Key inclusion criteria were (1) a planned posttransplant protocol or indication biopsy; (2) an age >18 y; and (3) an estimated glomerular filtration rate (eGFR; Modification of Diet in Real Disease equation) >10 mL/min/1.73 m2. Exclusion criteria were non-MRI-compatible metallic implants or pacemakers, known claustrophobia and pregnancy, respectively. From December 2017 through January 2019, a total of 269 kidney transplant recipients underwent routine allograft biopsies at the day ward of the Vienna nephrology department.

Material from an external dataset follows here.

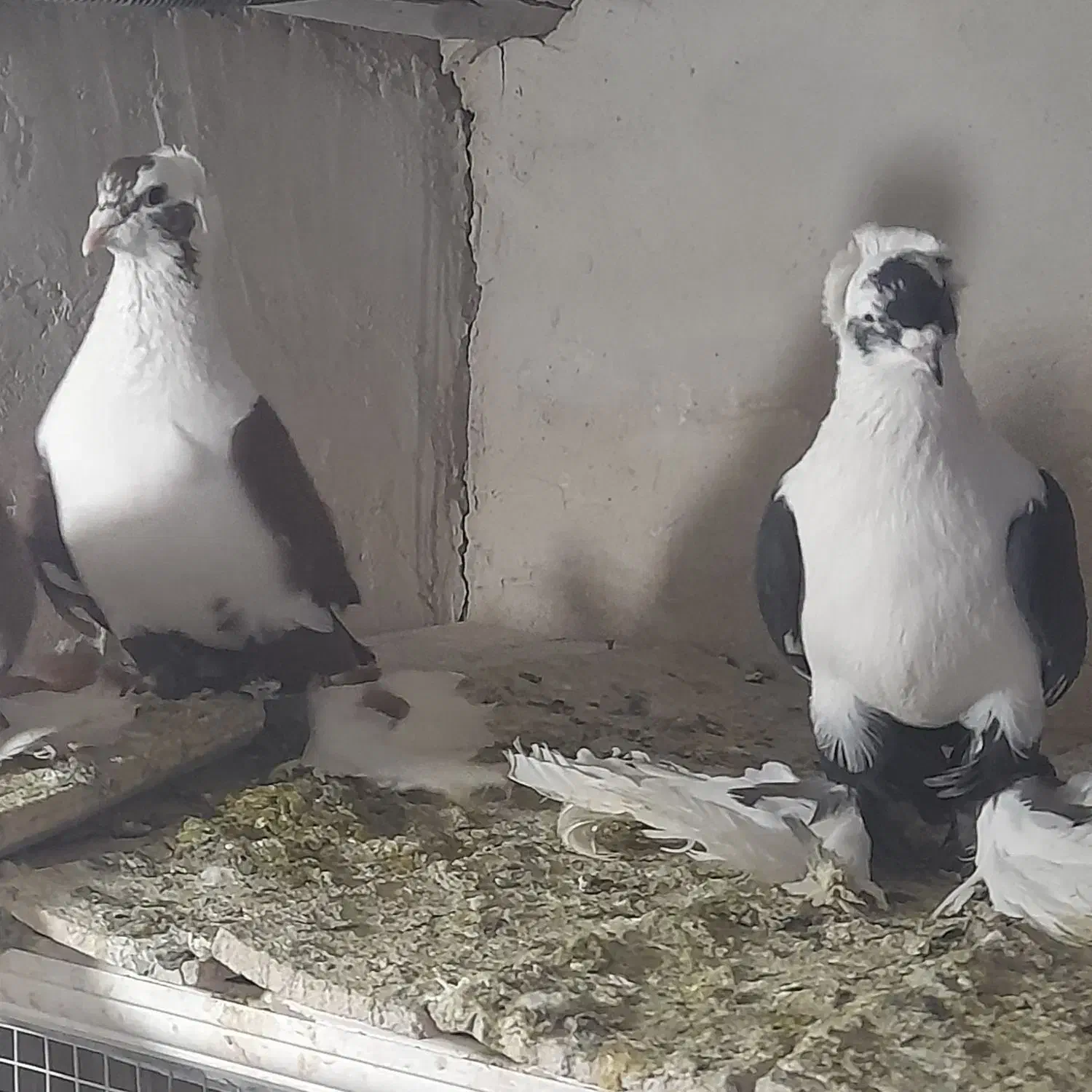 کفتر|پرنده|تبریز, |دیوار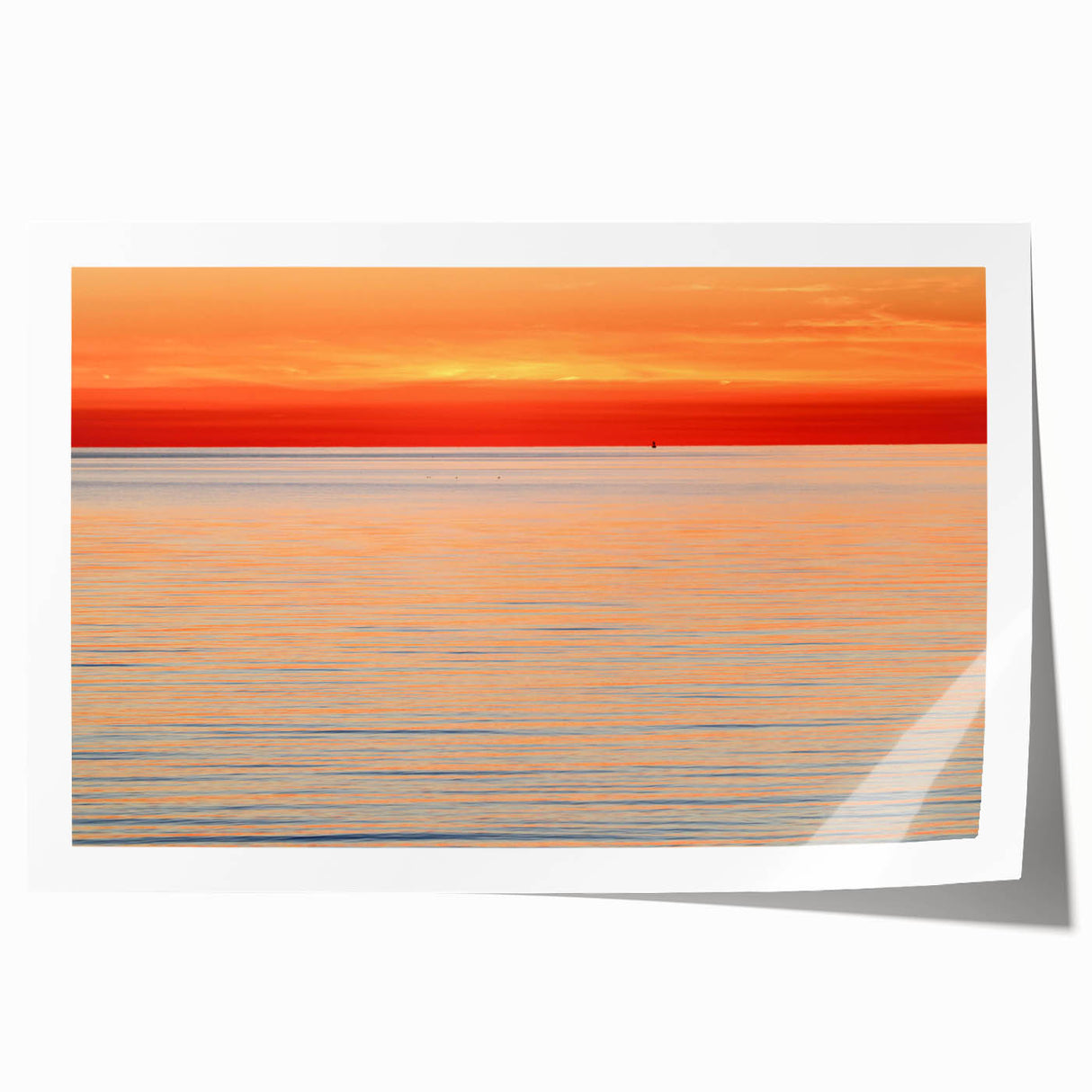 Extra large rolled print of a Massachusetts Nantucket scenery with vibrant floral elements, ideal for art wall dining room.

Because of organizatory reasons (for the trial, only 1 MRI slot per week was available), only a minor proportion of these patients were considered for study inclusion. Thirty-six patients fulfilled all eligibility criteria. Two of these patients underwent MRI examination, but their scheduled renal biopsies were canceled. In another patient, MRI investigation could not be completed because of claustrophobia, and a fourth patient withdrew consent before imaging. The final study cohort consisted of 32 recipients, who all underwent a complete schedule of MRI analysis, in parallel to routine indication (n = 23) or protocol (n = 9) renal allograft biopsy. Baseline data are provided in Table 1.
Sample Size Calculation
Sample size calculations for addressing the primary objective (relationship between MRI T1 relaxation time and ci categories) were in part based on preliminary results obtained in a retrospective cohort of 10 renal allograft recipients, who were subjected to clinically indicated MRI investigations and at the same time allograft biopsies (between 1 and 374 mo after transplantation). In these patients, cortical T1 relaxation times were 1543 ± 113 ms (mean ± SD). In support of a potential diagnostic value of MRI in detecting renal scarring, there were significant differences in relation to the Banff ci score in concomitant biopsies [ci score of 2 or 3 (6 patients): 1606 ± 83.4; ci score of 0 or 1 (4 patients): 1393 ± 128; P = 0.011]. According to these data, a 10% variance and an expected intergroup difference of ≥200 ms were considered for sample size calculation. Assuming a 1:1 distribution of patient groups, enrollment of 28 patients was considered to yield a statistical power of 90% at a 2-sided significance level of 0.05. Expecting an about 10% drop-out rate, we planned inclusion of 32 patients.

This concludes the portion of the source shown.